–The “impossible” cure for stagflation

The debt hawks are to economics as the creationists are to biology.

Stagflation is economic stagnation or high unemployment combined with high inflation. Here is what a Wikipedia author said. “It is a difficult economic condition for a country, as both inflation and economic stagnation occur simultaneously and no macroeconomic policy can address both of these problems at the same time

This is one statement with which, both mainstream economists and Modern Monetary Theorists (MMT) seem to agree. I disagree with both.

Economic stagnation, high unemployment and recession all indicate the same fundamental problem: The economy is starved for money. Inflation (wrongly) is felt to be caused by too much money, which is why we experience the universal belief that “no macroeconomic policy can address both of these problems at the same time.”

Stagflation is most likely to occur when oil prices spike. A rapid increase in oil prices causes inflation. It also has a negative effect on production and economic growth. U.S. stagflation could occur, even in the near future, were any major oil producing states, for economic or political reasons, decide to reduce production dramatically.

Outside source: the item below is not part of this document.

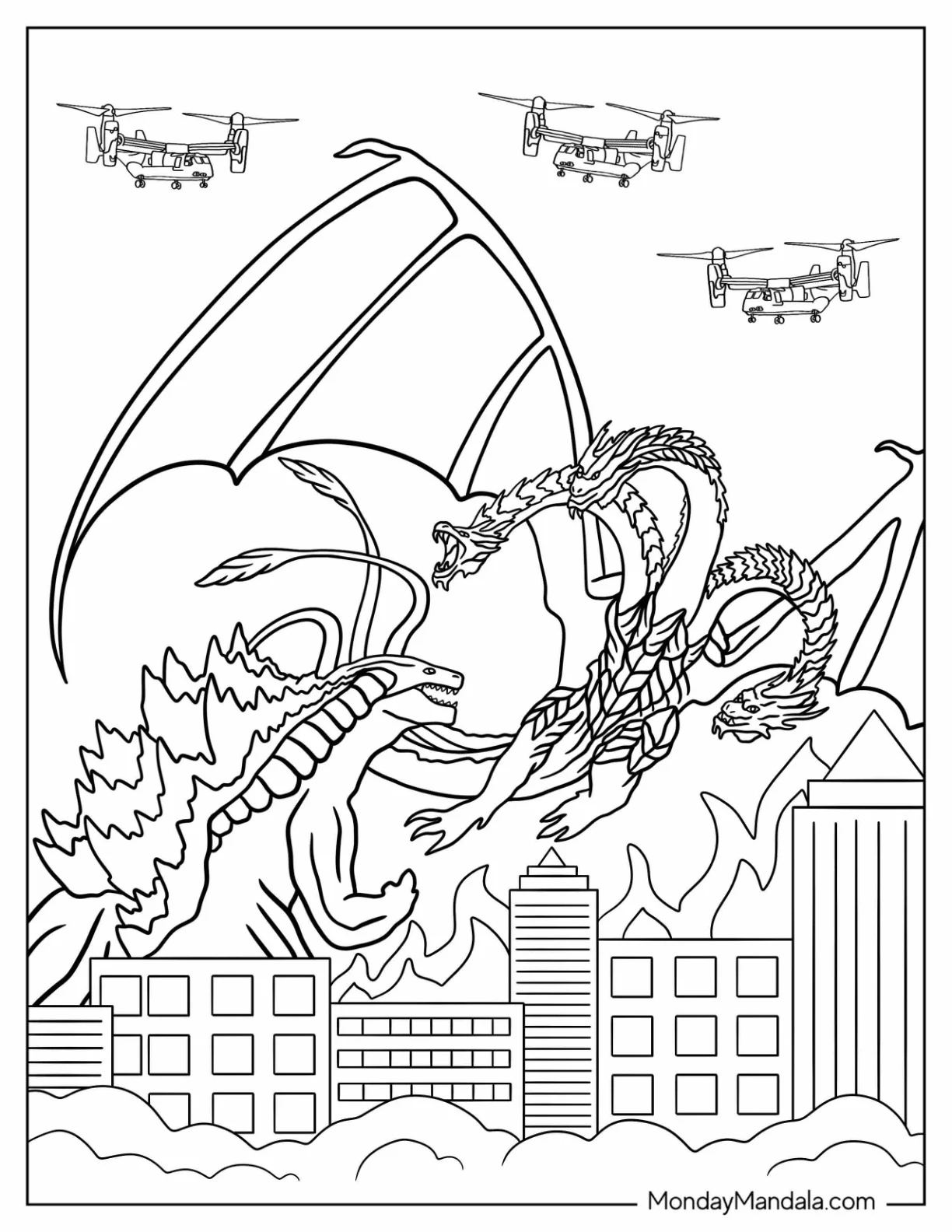 35 Godzilla Coloring Pages Free PDF Printables 35 Godzilla Coloring Pages Free PDF Printables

Debt hawks (aka mainstream economists) would address stagflation with increased federal spending, while simultaneously increasing taxes to “pay for” the spending. The benefits of the increased spending would be offset by the damages of increased taxation. The former adds money to the economy; the later removes money from the economy — equal and opposite effects.

Even today, as we try to recover from the worst recession in decades, debt hawks continue to demand increased taxes to “pay for” spending, not realizing that in a monetarily sovereign nation, taxes do not pay for spending. Simultaneously, the Fed, wrongly believing interest rate cuts stimulate the economy, would lower rates, thereby exacerbating the inflation.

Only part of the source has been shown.